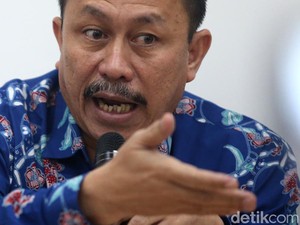 Kominfo Batasi Layanan WhatsApp Cs, Komnas HAM: Apa Dasarnya? Lebay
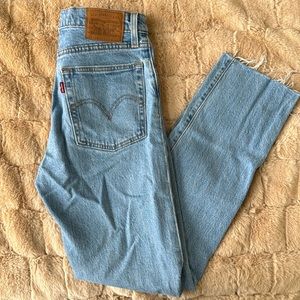 LEVIS WEDGIE STRAIGHT DENIM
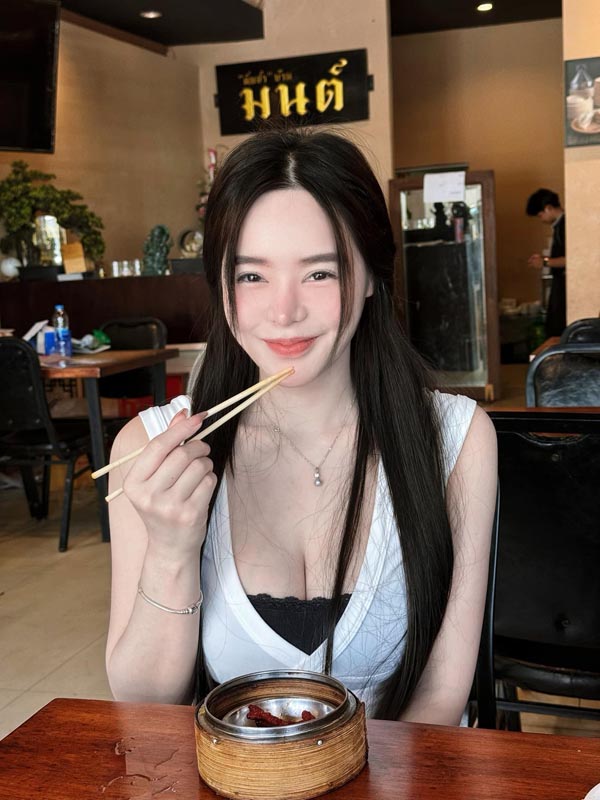 Irin Indy แจกวาร์ป น้อง อินดี้ พริตตี้ หุ่นเด็ด ดาวทวิต เซ็กซี่ Onlyfans 18+ 1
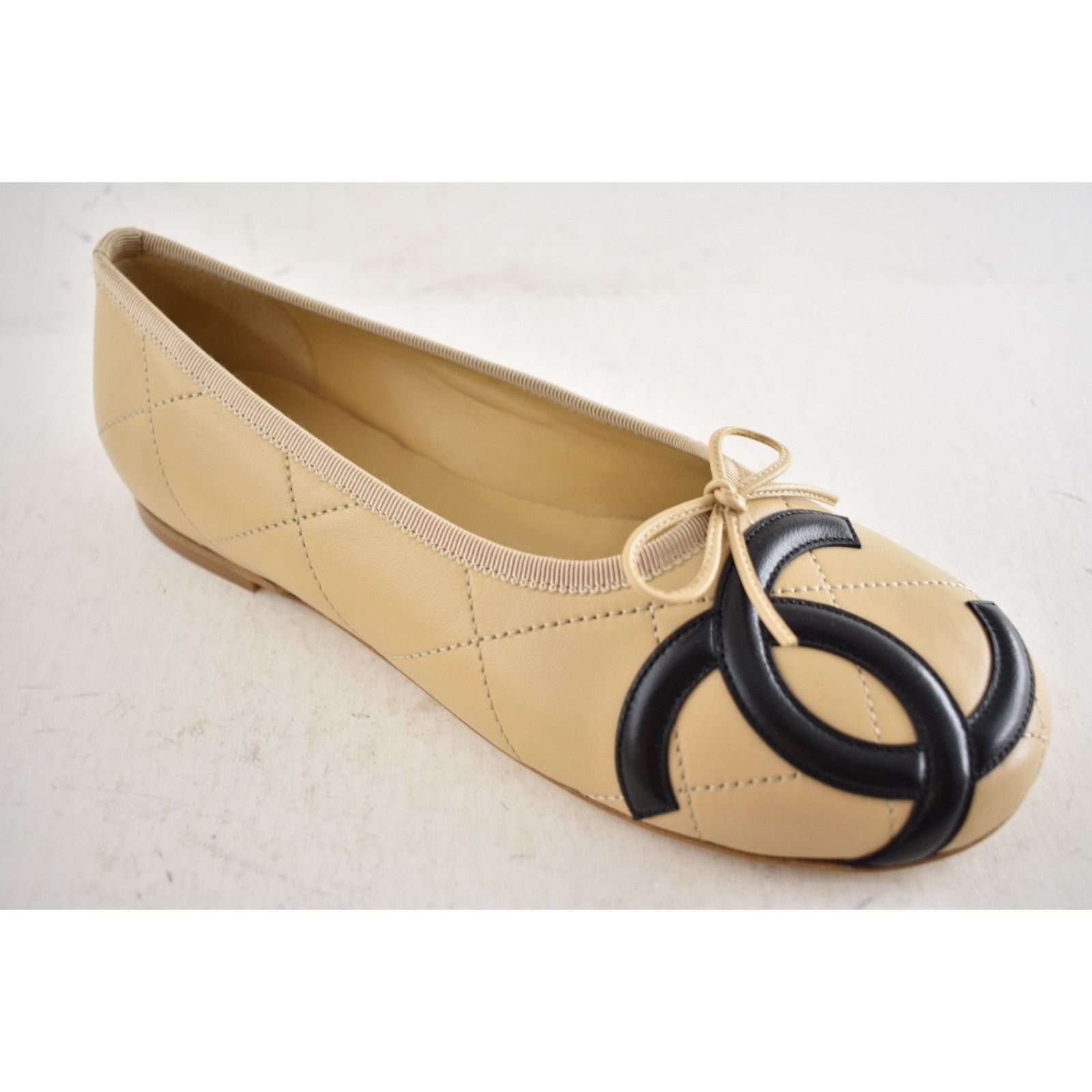 Chanel Chanel Coco Beach Cambon Beige Black CC XL Logo Flats 37 Size US 6 / IT 36 - 7 Thumbnail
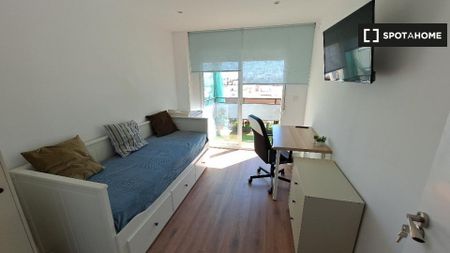 valencia, Valencian Community 46023 - Photo 4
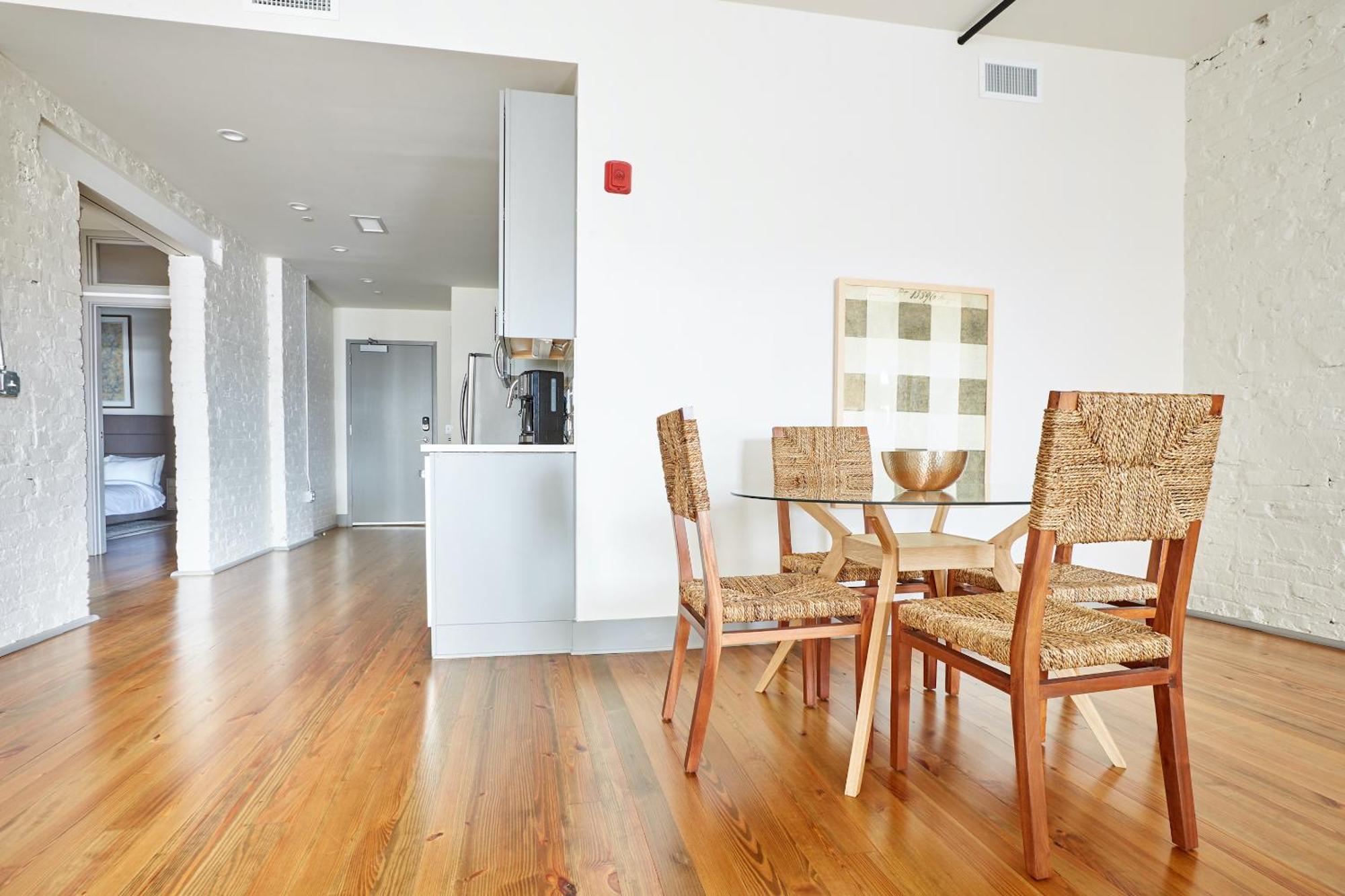 Sonder By Marriott Bonvoy The Broughton Apartments Historic District סוואנה חדר תמונה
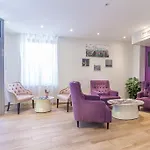 Jenner Hotel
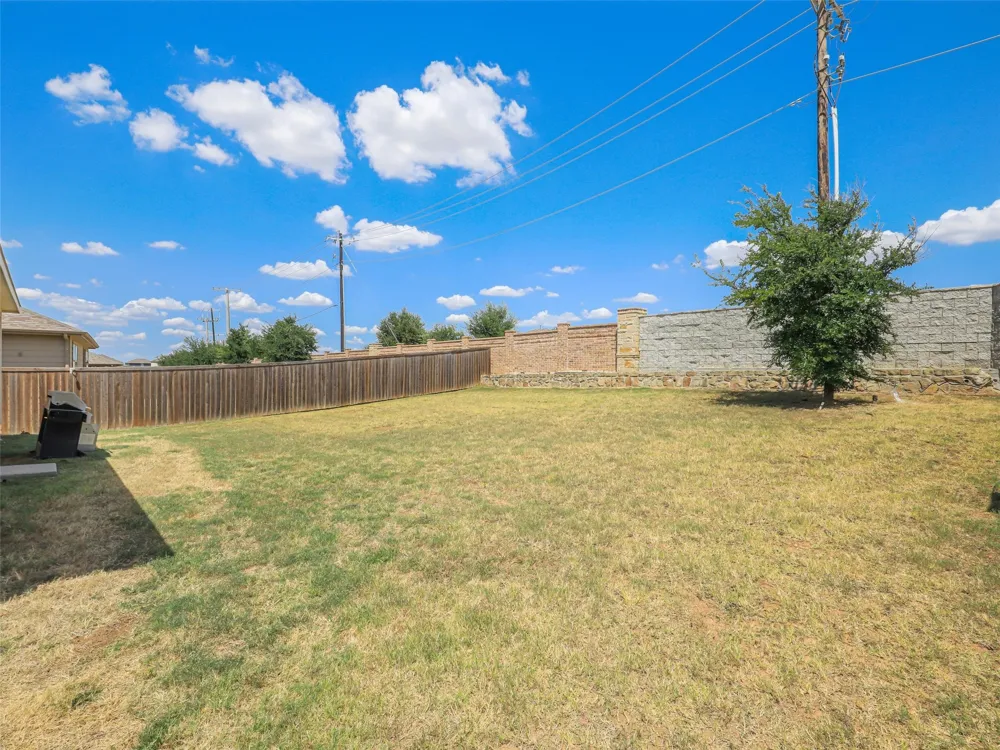 2600 Wheeler Avenue Aubrey, TX 76227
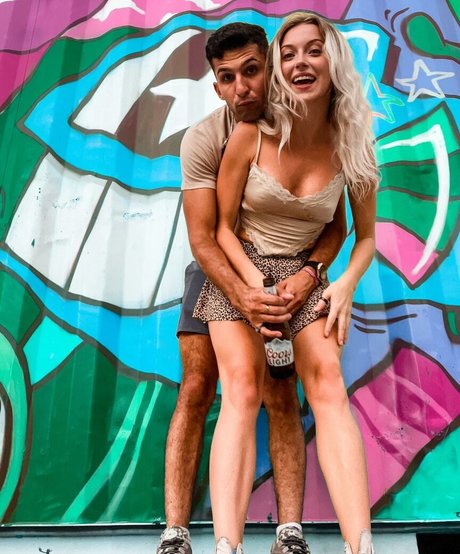 UrEbabe nude model image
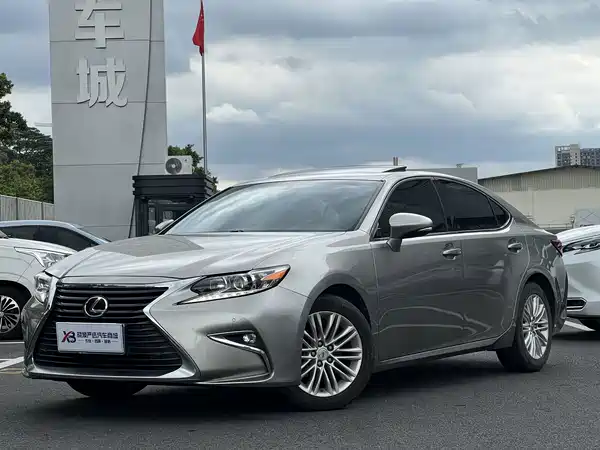 Lexus ES 2016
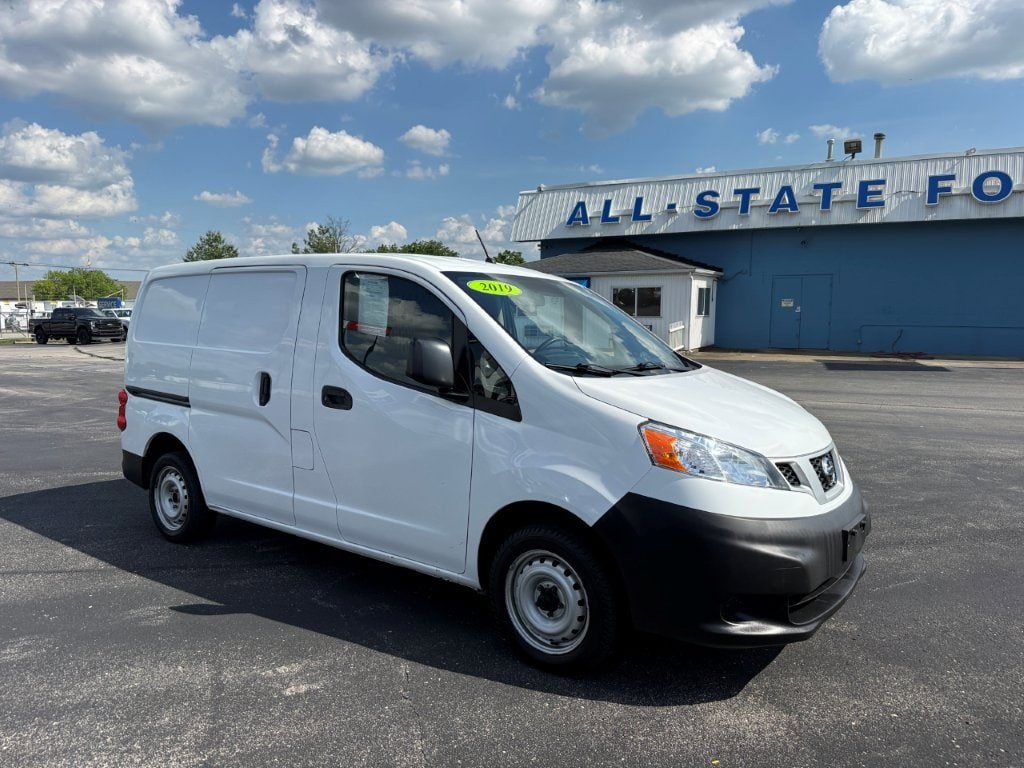 2019 Nissan NV200 S's photo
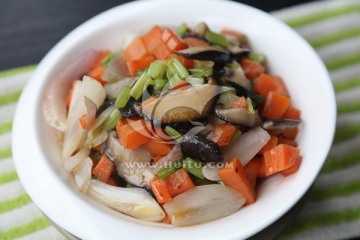 洋葱胡萝卜炒香菇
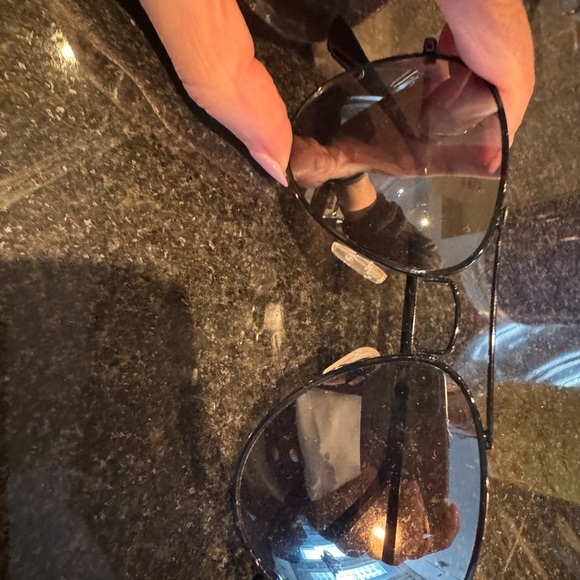 Betsey Johnson Black Aviator Sunglasses - Picture 1 of 3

______

-- TASK DETAILS --
Take the lines from the one that contains "2019 Nissan NV200 S's photo" down to the last line of the listing above, both included, and set them down exactly, leaving out pictures.

-- SOLUTION TO THE EXERCISE --
 2019 Nissan NV200 S's photo
 洋葱胡萝卜炒香菇
 Betsey Johnson Black Aviator Sunglasses - Picture 1 of 3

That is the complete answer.